# my first DIY bubbler grow CANT WAIT!!!!



## PassionfortheGREEN (Mar 26, 2009)

well im very excited after hours and hours searching the net i built my own bubbleponic system
cost me nothing really made it out of a 60 liter rubermaid tub with room for 5 pots
i got myself 2 60gallon air pumps dual out so that 4 outputs
and a small fountain pump to agitate the resevoir continuously

im using the canna aqua line
yes all of it

and i got some g-13 feminized seeds ready to go with a 400mh for veg and 1000hps for bloom

im probably gonna need some help down the road but this seem like one of the most intelligent site out there you guys seem to be pretty cool and helpful
knowledge is yield, that what i say 

i just can't wait for beans to crack and get this **** going

i'll post pics starting as early as maybe tonight


----------



## 420benny (Mar 26, 2009)

Welcome and good luck with the grow. Yes, there are lots of smart growers here to help each other out.


----------



## PassionfortheGREEN (Mar 26, 2009)

So to begin yesterday i planted 5 feminized seeds in damp 1 inch rockwool cubes and placed them in a tupperware container. i've had great result doing it this way ususally seeing a root coming out the bottom in a few days


whenever its time to take my seedling and place them in the bubbler how much nutrients should i begin with in my resevoir would starting with 1/4 strenght be too weak?


----------



## The Hemp Goddess (Mar 26, 2009)

I wouldn't use the fountain pump--there is no upside and several downsides.  The air pumps will aerate the water making the agitation of the fountain pump unnecessary.  The fountain pump will likely heat the nute solution to higher than desirable temps.  And it cost money to operate, but really gives you no benefits.

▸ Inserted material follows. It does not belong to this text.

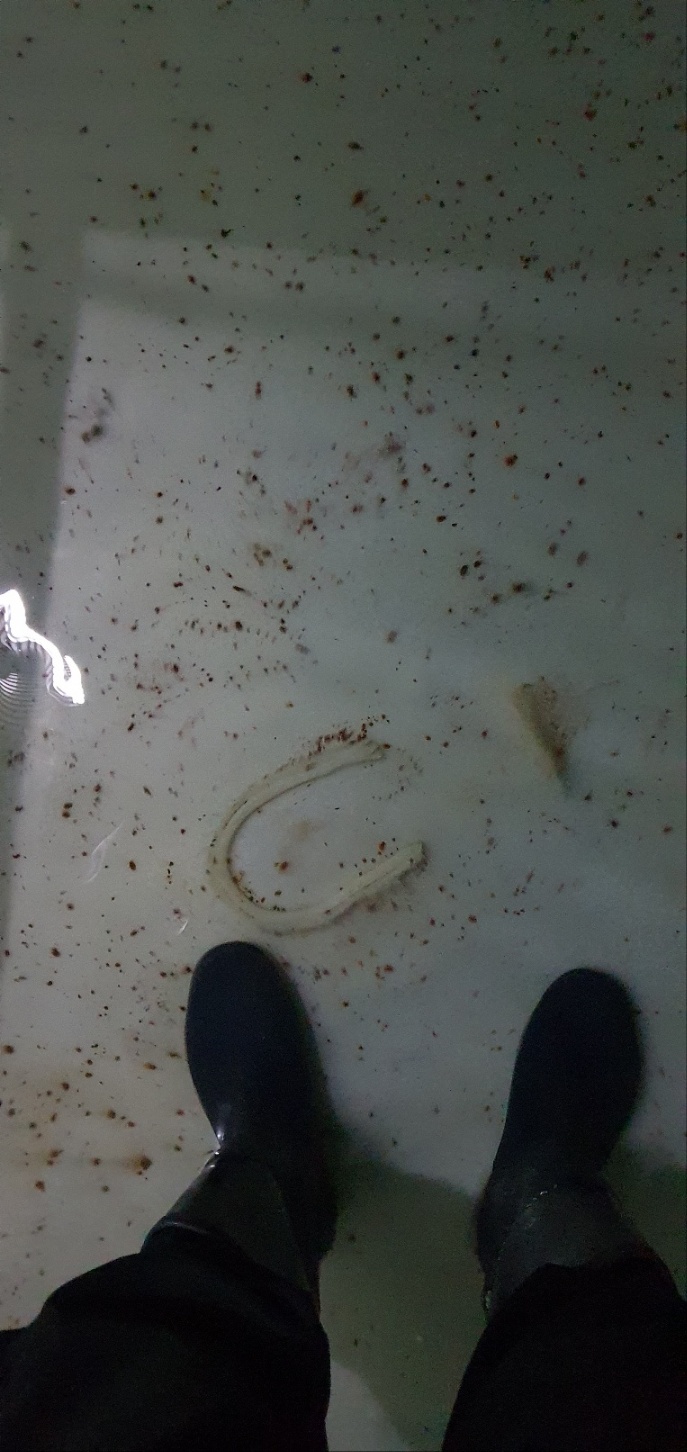 길종합개발 이미지
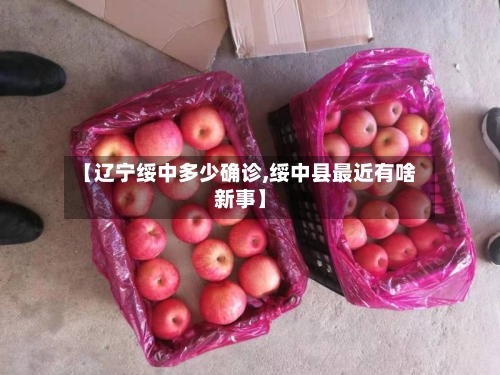 【辽宁绥中多少确诊,绥中县最近有啥新事】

Do not give any nutrients until the seedlings are about 3 weeks.  Then you should start at about 1/4 strength nutes.  The proper pH is critical with hydro systems.


----------



## PassionfortheGREEN (Mar 26, 2009)

thanks goddessi got rid of my pump, im sure i can find something to do with it

i still have my ph and ec pens from my ebb&flow system i used last year

my ph value is always aroun 5.8


----------



## PassionfortheGREEN (Mar 27, 2009)

changed my mind those g 13 can wait a bit

my friend gave me 5 cuttings from his plant
he grew his mother from some seed we got in jamaica from this dude who took us to a grow field(another story all together)
he was picking them right out the plant
we tried the product with this guy and it ripped us to shred, some great outdoor
so my buddy flowered a few he grew and they were incredible
great taste great buzz everything most of all an impressive yield
they are definitly sativa or sativa dominant strain

so now i gotta wait for them to root.... what to do .....what to do

so i went and got another air pump and a 5g bucket netted pot built a dwc bucket and i place a kush plant i've been growing for three week now from seedling and its about 5.5 inches tall going into its 4 nod nice short bushy plant i was growing it in rockwool just dipping in a bucket of nutients when needed but i couldn't wait to try this DWC so i ripped off all the rockwool where there wasn't any roots shaved off the bottom tips to cause the exposed roots were brown but healthy white inside
put it in the bucket and top fed it to get it going im using the canna aqua line like i said before 400W mh ph5.8 ppm-starting at just under 500

im sure its going to catch.... crossing my fingers hoping i didn't **** it all up 

gonna post pics tonight maybe tomorrow morning i gotta get a new usb cord


----------



## SmokedtheRent$ (Mar 28, 2009)

The GODDESS is here to save us from always learning the hard way.....I think I'm going to make her my internet wife....:hubba:


----------



## PassionfortheGREEN (Mar 28, 2009)

well here are some pics
the fist 2 are the jamaican clones #3 is the kush before i put it in the bubbler

the clones i spray them with a 5.8ph water with 4 ml/L of  rhizotonic supposed to be great for quick and strong root development


----------



## PassionfortheGREEN (Mar 28, 2009)

again the first is the kush before dwc 2 and 3 is the switch

i hope i didnt stunt it


----------



## Vegs (Mar 28, 2009)

Looks great. You should start a Grow Journal over on the "Grow Journal" forum so we all can appreciate your hard work.


----------



## The Hemp Goddess (Mar 28, 2009)

Your little Kush is looking nice and green and healthy.  Just so you know, there is no reason to "rip off all the rockwool" before you put the plant into your net pot.  This unneccessarily traumatizes the plant.  You will need to do something about your white bucket or you will start growing algae.  You need a bucket that will not let light in--black is the preferred color.


----------



## PassionfortheGREEN (Mar 28, 2009)

The Hemp Goddess said:
			
		

> Your little Kush is looking nice and green and healthy. Just so you know, there is no reason to "rip off all the rockwool" before you put the plant into your net pot. This unneccessarily traumatizes the plant. You will need to do something about your white bucket or you will start growing algae. You need a bucket that will not let light in--black is the preferred color.


 
yeah i gonna just quckly wrap it with black and white


----------



## uk420maan (Mar 29, 2009)

hey passion ya dont need the pump to agitate res solution as the 4 x air stones will do that more than adequately dude constantly bubbling away moving the nutes around.

uk420maan


----------



## Barbapopa (Mar 30, 2009)

Are these in 3 different rooms, or are 2 in veg and one under a HID/HPS?


----------



## PassionfortheGREEN (Mar 31, 2009)

I Have Aflowering Room A Veg Room And The Clones Are In My Kitchen Under A Weak Florescent


----------



## IRISH (Apr 1, 2009)

what am i looking at dude?

first post says, "i got some g-13 fem ready to go". second post, " i planted 5 fem seeds". third post, "changed my mind" .

what happened to the g-13 beans pftg?

any idea what your growing?...bb...


----------